Output each line of the data below exactly, omitting any image.

*** Opening of Data provided ***

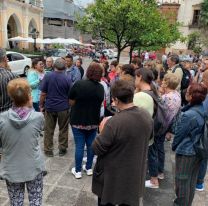 La plaza 9 de Julio estalló de turistas, pese al coronavirus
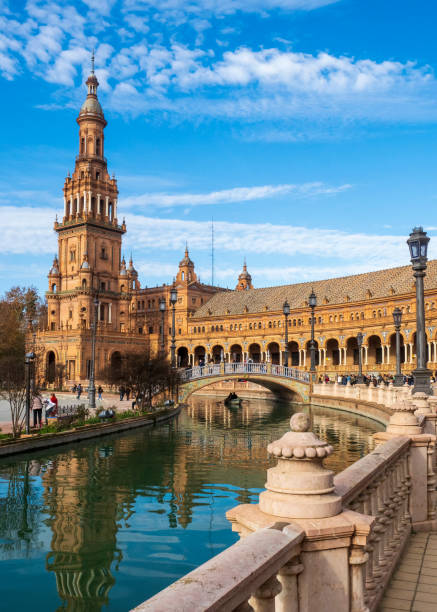 seville's plaza de españa - plaza de espana spain seville famous place fotografías e imágenes de stock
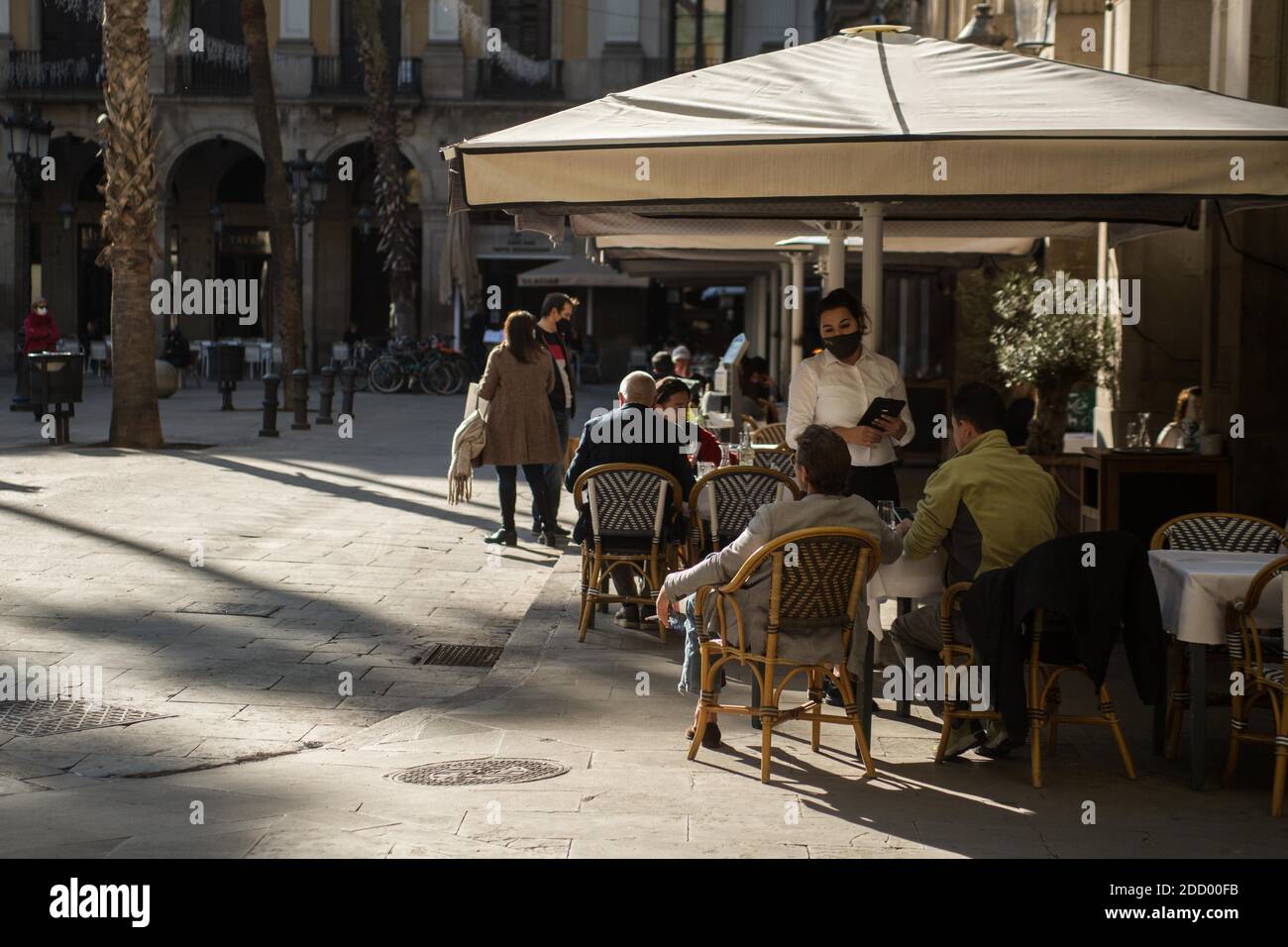 23 novembre 2020 : la Catalogne rouvre le lundi 23 novembre, les bars et restaurants sont fermés après plus d'un mois en raison des mesures de restriction du coronavirus. Credit: Thiago Prudencio/DAX/ZUMA Wire/Alay Live News Banque D'Images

*** Close of Data provided ***

_Written response_:
 La plaza 9 de Julio estalló de turistas, pese al coronavirus
 seville's plaza de españa - plaza de espana spain seville famous place fotografías e imágenes de stock
 23 novembre 2020 : la Catalogne rouvre le lundi 23 novembre, les bars et restaurants sont fermés après plus d'un mois en raison des mesures de restriction du coronavirus. Credit: Thiago Prudencio/DAX/ZUMA Wire/Alay Live News Banque D'Images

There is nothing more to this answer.